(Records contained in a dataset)

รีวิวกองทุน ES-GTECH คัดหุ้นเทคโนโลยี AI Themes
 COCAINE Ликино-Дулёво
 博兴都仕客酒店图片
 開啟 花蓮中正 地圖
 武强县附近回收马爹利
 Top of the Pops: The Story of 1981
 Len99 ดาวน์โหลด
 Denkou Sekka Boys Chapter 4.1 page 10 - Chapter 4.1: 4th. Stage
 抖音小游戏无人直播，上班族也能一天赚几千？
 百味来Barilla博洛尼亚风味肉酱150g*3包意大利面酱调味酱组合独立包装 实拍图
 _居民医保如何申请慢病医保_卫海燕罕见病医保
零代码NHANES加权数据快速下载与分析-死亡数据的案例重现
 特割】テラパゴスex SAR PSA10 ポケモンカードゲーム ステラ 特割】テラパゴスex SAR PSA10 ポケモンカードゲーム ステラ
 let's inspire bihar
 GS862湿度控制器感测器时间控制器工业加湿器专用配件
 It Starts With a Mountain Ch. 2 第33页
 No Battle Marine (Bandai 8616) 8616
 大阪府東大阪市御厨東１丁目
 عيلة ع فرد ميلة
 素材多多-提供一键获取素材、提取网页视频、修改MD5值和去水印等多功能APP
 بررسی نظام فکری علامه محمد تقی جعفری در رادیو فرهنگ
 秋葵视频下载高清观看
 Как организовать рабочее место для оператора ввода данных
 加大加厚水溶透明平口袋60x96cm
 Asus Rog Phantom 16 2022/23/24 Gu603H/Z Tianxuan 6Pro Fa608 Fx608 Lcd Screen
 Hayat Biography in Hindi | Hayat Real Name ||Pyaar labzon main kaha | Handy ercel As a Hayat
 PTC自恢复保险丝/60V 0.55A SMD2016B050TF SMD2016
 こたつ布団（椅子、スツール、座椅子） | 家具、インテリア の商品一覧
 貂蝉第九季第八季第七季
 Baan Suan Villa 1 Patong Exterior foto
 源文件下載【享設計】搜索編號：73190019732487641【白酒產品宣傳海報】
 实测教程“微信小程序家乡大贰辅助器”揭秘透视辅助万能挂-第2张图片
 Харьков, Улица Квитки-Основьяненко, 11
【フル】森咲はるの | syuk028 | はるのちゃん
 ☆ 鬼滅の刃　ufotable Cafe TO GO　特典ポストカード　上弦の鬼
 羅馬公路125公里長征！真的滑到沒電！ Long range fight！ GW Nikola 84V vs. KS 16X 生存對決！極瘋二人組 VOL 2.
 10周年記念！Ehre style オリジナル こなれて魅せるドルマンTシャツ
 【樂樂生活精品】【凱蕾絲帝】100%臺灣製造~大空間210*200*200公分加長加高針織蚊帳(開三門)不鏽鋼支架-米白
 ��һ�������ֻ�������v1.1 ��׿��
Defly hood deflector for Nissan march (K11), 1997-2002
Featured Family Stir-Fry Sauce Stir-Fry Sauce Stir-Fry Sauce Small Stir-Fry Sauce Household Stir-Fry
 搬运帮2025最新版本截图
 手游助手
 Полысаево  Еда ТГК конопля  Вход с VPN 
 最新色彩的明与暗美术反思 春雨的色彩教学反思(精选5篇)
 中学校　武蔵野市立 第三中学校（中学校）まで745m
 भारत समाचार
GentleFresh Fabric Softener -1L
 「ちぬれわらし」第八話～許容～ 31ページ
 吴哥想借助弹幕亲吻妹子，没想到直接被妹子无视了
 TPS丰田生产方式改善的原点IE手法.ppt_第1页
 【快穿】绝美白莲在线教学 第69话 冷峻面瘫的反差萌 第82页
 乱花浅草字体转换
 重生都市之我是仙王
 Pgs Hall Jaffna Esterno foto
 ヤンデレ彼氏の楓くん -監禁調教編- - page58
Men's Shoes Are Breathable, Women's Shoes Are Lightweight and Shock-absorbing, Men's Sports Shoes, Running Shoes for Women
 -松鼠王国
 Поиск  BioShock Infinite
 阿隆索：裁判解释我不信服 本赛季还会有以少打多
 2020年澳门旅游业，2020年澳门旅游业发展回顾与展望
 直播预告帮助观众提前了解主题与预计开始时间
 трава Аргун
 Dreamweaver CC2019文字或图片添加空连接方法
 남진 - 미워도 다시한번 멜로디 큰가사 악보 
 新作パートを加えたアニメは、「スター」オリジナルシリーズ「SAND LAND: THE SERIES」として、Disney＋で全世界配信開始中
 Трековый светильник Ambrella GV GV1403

[Task to carry out] Set down the whole of the data, exactly as it stands.

[Solved exercise]
รีวิวกองทุน ES-GTECH คัดหุ้นเทคโนโลยี AI Themes
 COCAINE Ликино-Дулёво
 博兴都仕客酒店图片
 開啟 花蓮中正 地圖
 武强县附近回收马爹利
 Top of the Pops: The Story of 1981
 Len99 ดาวน์โหลด
 Denkou Sekka Boys Chapter 4.1 page 10 - Chapter 4.1: 4th. Stage
 抖音小游戏无人直播，上班族也能一天赚几千？
 百味来Barilla博洛尼亚风味肉酱150g*3包意大利面酱调味酱组合独立包装 实拍图
 _居民医保如何申请慢病医保_卫海燕罕见病医保
零代码NHANES加权数据快速下载与分析-死亡数据的案例重现
 特割】テラパゴスex SAR PSA10 ポケモンカードゲーム ステラ 特割】テラパゴスex SAR PSA10 ポケモンカードゲーム ステラ
 let's inspire bihar
 GS862湿度控制器感测器时间控制器工业加湿器专用配件
 It Starts With a Mountain Ch. 2 第33页
 No Battle Marine (Bandai 8616) 8616
 大阪府東大阪市御厨東１丁目
 عيلة ع فرد ميلة
 素材多多-提供一键获取素材、提取网页视频、修改MD5值和去水印等多功能APP
 بررسی نظام فکری علامه محمد تقی جعفری در رادیو فرهنگ
 秋葵视频下载高清观看
 Как организовать рабочее место для оператора ввода данных
 加大加厚水溶透明平口袋60x96cm
 Asus Rog Phantom 16 2022/23/24 Gu603H/Z Tianxuan 6Pro Fa608 Fx608 Lcd Screen
 Hayat Biography in Hindi | Hayat Real Name ||Pyaar labzon main kaha | Handy ercel As a Hayat
 PTC自恢复保险丝/60V 0.55A SMD2016B050TF SMD2016
 こたつ布団（椅子、スツール、座椅子） | 家具、インテリア の商品一覧
 貂蝉第九季第八季第七季
 Baan Suan Villa 1 Patong Exterior foto
 源文件下載【享設計】搜索編號：73190019732487641【白酒產品宣傳海報】
 实测教程“微信小程序家乡大贰辅助器”揭秘透视辅助万能挂-第2张图片
 Харьков, Улица Квитки-Основьяненко, 11
【フル】森咲はるの | syuk028 | はるのちゃん
 ☆ 鬼滅の刃　ufotable Cafe TO GO　特典ポストカード　上弦の鬼
 羅馬公路125公里長征！真的滑到沒電！ Long range fight！ GW Nikola 84V vs. KS 16X 生存對決！極瘋二人組 VOL 2.
 10周年記念！Ehre style オリジナル こなれて魅せるドルマンTシャツ
 【樂樂生活精品】【凱蕾絲帝】100%臺灣製造~大空間210*200*200公分加長加高針織蚊帳(開三門)不鏽鋼支架-米白
 ��һ�������ֻ�������v1.1 ��׿��
Defly hood deflector for Nissan march (K11), 1997-2002
Featured Family Stir-Fry Sauce Stir-Fry Sauce Stir-Fry Sauce Small Stir-Fry Sauce Household Stir-Fry
 搬运帮2025最新版本截图
 手游助手
 Полысаево  Еда ТГК конопля  Вход с VPN 
 最新色彩的明与暗美术反思 春雨的色彩教学反思(精选5篇)
 中学校　武蔵野市立 第三中学校（中学校）まで745m
 भारत समाचार
GentleFresh Fabric Softener -1L
 「ちぬれわらし」第八話～許容～ 31ページ
 吴哥想借助弹幕亲吻妹子，没想到直接被妹子无视了
 TPS丰田生产方式改善的原点IE手法.ppt_第1页
 【快穿】绝美白莲在线教学 第69话 冷峻面瘫的反差萌 第82页
 乱花浅草字体转换
 重生都市之我是仙王
 Pgs Hall Jaffna Esterno foto
 ヤンデレ彼氏の楓くん -監禁調教編- - page58
Men's Shoes Are Breathable, Women's Shoes Are Lightweight and Shock-absorbing, Men's Sports Shoes, Running Shoes for Women
 -松鼠王国
 Поиск  BioShock Infinite
 阿隆索：裁判解释我不信服 本赛季还会有以少打多
 2020年澳门旅游业，2020年澳门旅游业发展回顾与展望
 直播预告帮助观众提前了解主题与预计开始时间
 трава Аргун
 Dreamweaver CC2019文字或图片添加空连接方法
 남진 - 미워도 다시한번 멜로디 큰가사 악보 
 新作パートを加えたアニメは、「スター」オリジナルシリーズ「SAND LAND: THE SERIES」として、Disney＋で全世界配信開始中
 Трековый светильник Ambrella GV GV1403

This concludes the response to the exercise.